東方通信社(とうほうつうしんしゃ、英語: Eastern News Agency)は、1938年10月にシンガポールで設立された日本の通信社。従業員3人で、マラヤの新聞社やシンガポールなどの在留日本人向けに情報サービスを提供、そのほとんどは同盟通信社が配信したニュースだった。
設立
1938年10月、シンガポールで活動を開始。
従業員は3人で、同社の主筆・小林猪四郎は同盟通信シンガポール支社の社員でもあった。また篠崎護は同社の社員だった。同社社員は、1938年8-10月頃に、在シンガポール日本総領事館の「嘱託」として公務パスポートを所持してシンガポールに入った[3]。
業務内容
東方通信社は、マラヤの新聞社に無料で情報サービス(Eastern News)を提供し、シンガポールなど各地の在留日本人にサービスを提供していた。
提供したニュースのほとんどは、日本の同盟通信社が配信したニュースだった。篠崎 (1981, p. 171)は、編集長に米・ポートランドから日系2世のウィリアム細川(英語版)を迎えてシンガポールで創刊した英字新聞『シンガポールヘラルド』に「日本からのフレッシュな」、「歪曲されない」ニュースを供給するのが自分の役目だった、としている。
スパイ容疑
1940年8月4日、コックス事件に関連して小林がシンガポールの警察当局により逮捕された(49日間の拘留後、同年9月21日に釈放)。

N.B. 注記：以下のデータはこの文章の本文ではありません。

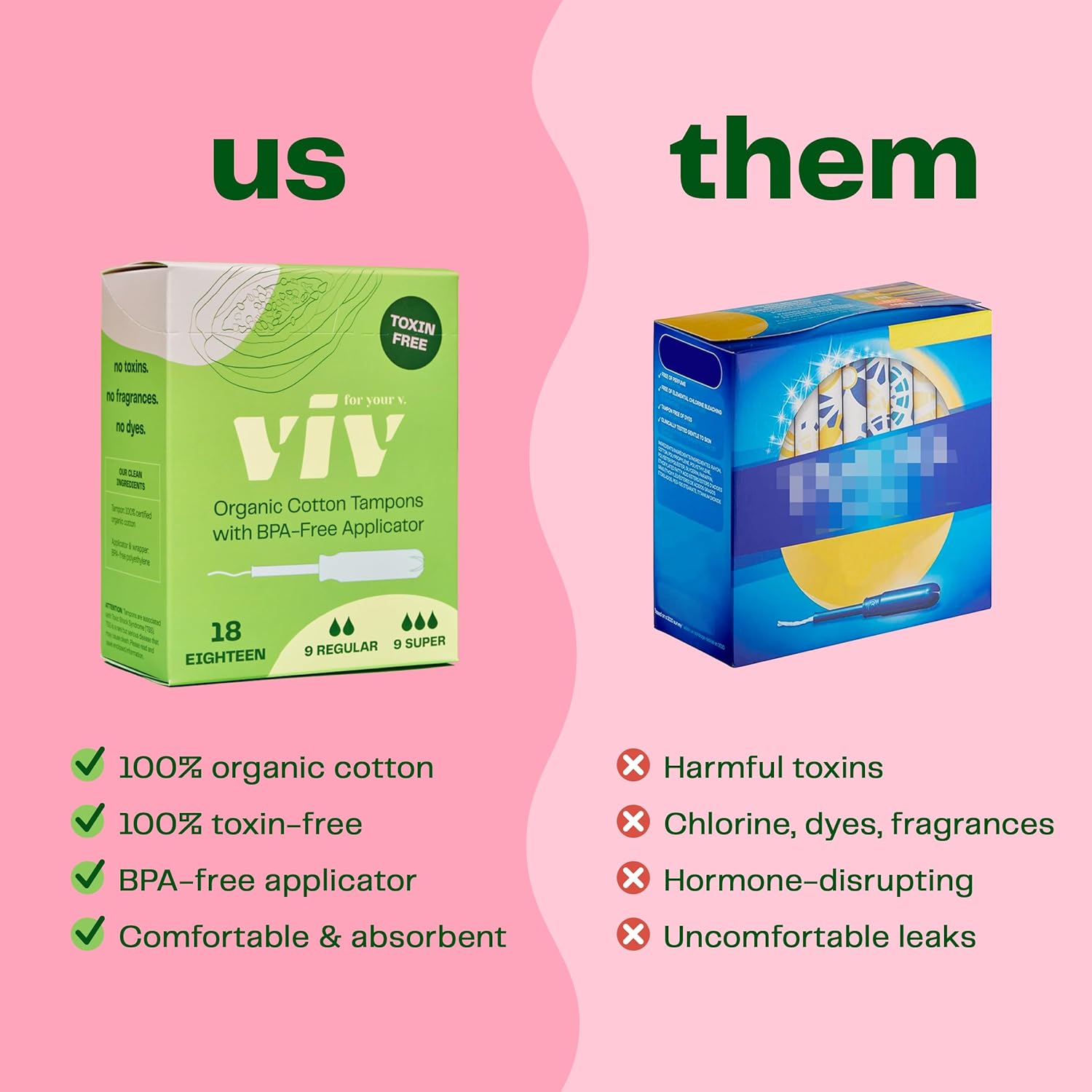 Viv for Your V Organic Cotton Tampons with BPA-Free Applicator | Toxin and Fragrance Free | Combo Box | 9 Regular and 9 Super Tampons (18 Total)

同年9月21日(小林の解放と同日)には、同社の従業員だった篠崎護がスパイ容疑で逮捕された。11月に行われた裁判で、篠崎の逮捕前に東方通信社の組織再編成が計画されており、中国語ニュース配信部門の新設が検討されていたことが明らかになった。裁判の結果、篠崎は有罪(3年半の懲役)の判決を受け、収監された(篠崎スパイ事件)。